There should be silence. Tranquil, deathly, solemn silence.

But there was only screaming.

Dylan opened her eyes and was instantly blinded. Brilliant white light pierced her brain. She tried to twist away, but the light followed her, moving a fraction of a second late, then eclipsing the darkness behind. She gaped at it, stunned.

Just as suddenly as it had come, the brightness disappeared. Dylan was left staggered, blinking away dancing spots of colour. She started as a face dropped into her vision. Filled it. It was pale, coated in a sheen of sweat and smeared with inky red. A man, stubble bristling around his mouth, his lips moving urgently. Dylan tried to focus on what he was saying, but there was a high-pitched ringing in her ears, and she could hear nothing else.

She shook her head, forced her mind to concentrate on the man’s lips. Slowly she grasped that he was repeating the same phrase, over and over.

“Can you hear me? Look at me. Can you hear me? Can you hear me?”

Now that she knew what he was saying, Dylan realised that she
could
hear him. In fact, he was shouting, his voice hoarse and strained. How had she not heard him before?

“Yes,” she mumbled, spitting through a mouth filled with liquid too hot, too thick to be saliva. She swallowed, tasting something metallic on her tongue.

The man looked relieved. He flashed the little penlight across her face again for a moment, causing her to screw up her eyes against the assault of white, then ran it down the length of her body. Dylan watched him train it on her legs, his expression anxious. He looked back up at her.

“Can you move your arms and legs? Can you feel that?”

Dylan concentrated. What could she feel?

Red fire. Pain. Agony. Torture. She stopped breathing, frightened even of the tiny movement of her rising chest. What was wrong with her?

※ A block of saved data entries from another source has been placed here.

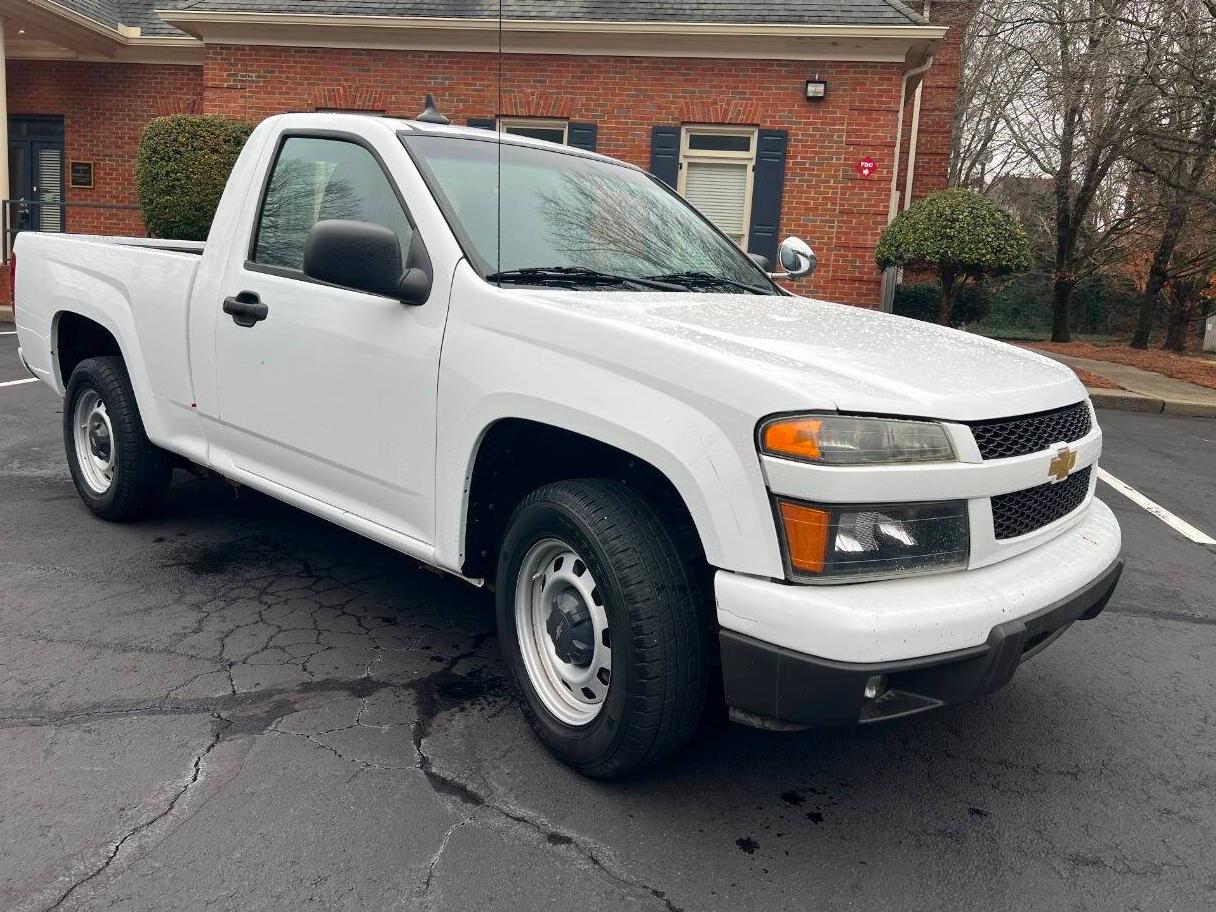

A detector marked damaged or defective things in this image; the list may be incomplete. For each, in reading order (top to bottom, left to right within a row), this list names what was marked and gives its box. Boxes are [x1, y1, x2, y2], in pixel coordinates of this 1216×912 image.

cracked asphalt [0, 328, 1211, 912]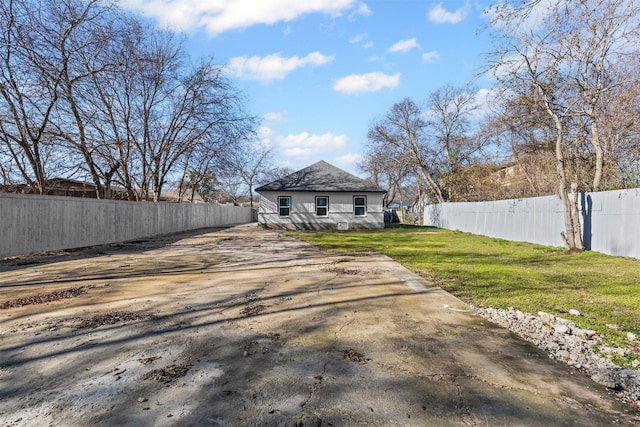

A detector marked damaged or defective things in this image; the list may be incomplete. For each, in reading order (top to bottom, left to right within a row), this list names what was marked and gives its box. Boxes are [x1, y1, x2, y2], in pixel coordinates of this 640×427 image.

cracked concrete [1, 226, 640, 426]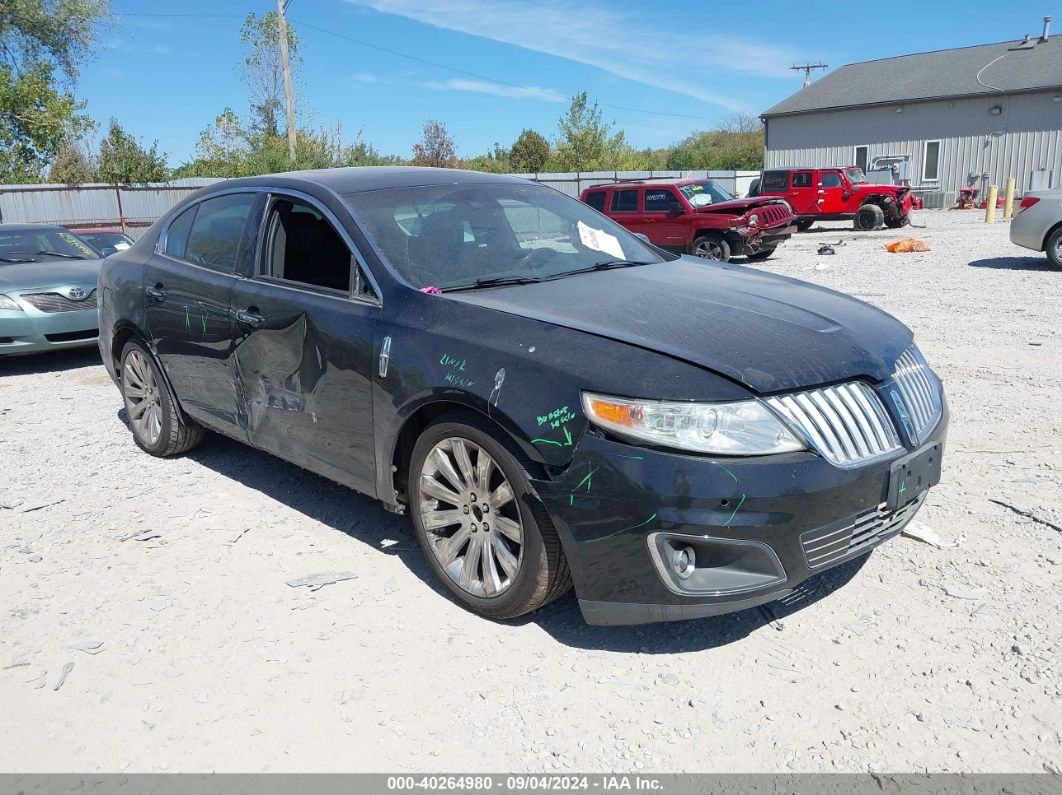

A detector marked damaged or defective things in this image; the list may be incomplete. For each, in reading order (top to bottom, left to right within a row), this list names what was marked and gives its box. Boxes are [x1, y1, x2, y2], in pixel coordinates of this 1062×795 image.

cracked bumper [528, 410, 948, 628]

Everything hurt. Just… everything. Her head was throbbing, her ribs clasped in a grip of iron that was squeezing far too tight. Where her stomach should be was a pool of molten lava, burning like acid. And below that? She shut her eyes, tried to feel her legs. Were they there? Maybe she just couldn’t feel them because of the waves of excruciating pain coming from everywhere else. Panicking, she felt her heart start to pound, and every ache around her body spiked in tandem with its furious beats. She tried to move her feet, to shift position; she was so uncomfortable.

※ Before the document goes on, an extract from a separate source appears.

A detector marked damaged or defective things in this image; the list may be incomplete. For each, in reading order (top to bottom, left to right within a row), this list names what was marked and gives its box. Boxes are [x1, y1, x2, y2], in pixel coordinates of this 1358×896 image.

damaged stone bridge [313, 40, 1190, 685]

“Mww!” It was somewhere between a gasp and a whimper. She’d only moved her legs a tiny bit, a cenitmetre maybe, but the explosion of agony that jolted through her had been enough to take her breath away.

“Okay, okay, love?” The man was frowning, the penlight clenched between his teeth, hands moving somewhere below Dylan’s waist. He stopped whatever he was doing and wiped his hand on his jacket. Dylan raked her eyes over the ugly contrast of hi-vis yellow and mouldy green jacket. There was an emblem stitched onto his shoulder, but she couldn’t focus on that. Was that blood he’d just wiped away? Blood from where he’d been touching her legs? Ragged gasps started hissing between her lips, each breath stabbing at her lungs. “Love?” The man was gripping her shoulder, shaking it. Dylan made herself look at him, tried to think through the terror. “What’s your name?”

“Dylan,” she whimpered.

“Dylan, I have to go away. Just for a minute. But I’ll be right back, I promise.”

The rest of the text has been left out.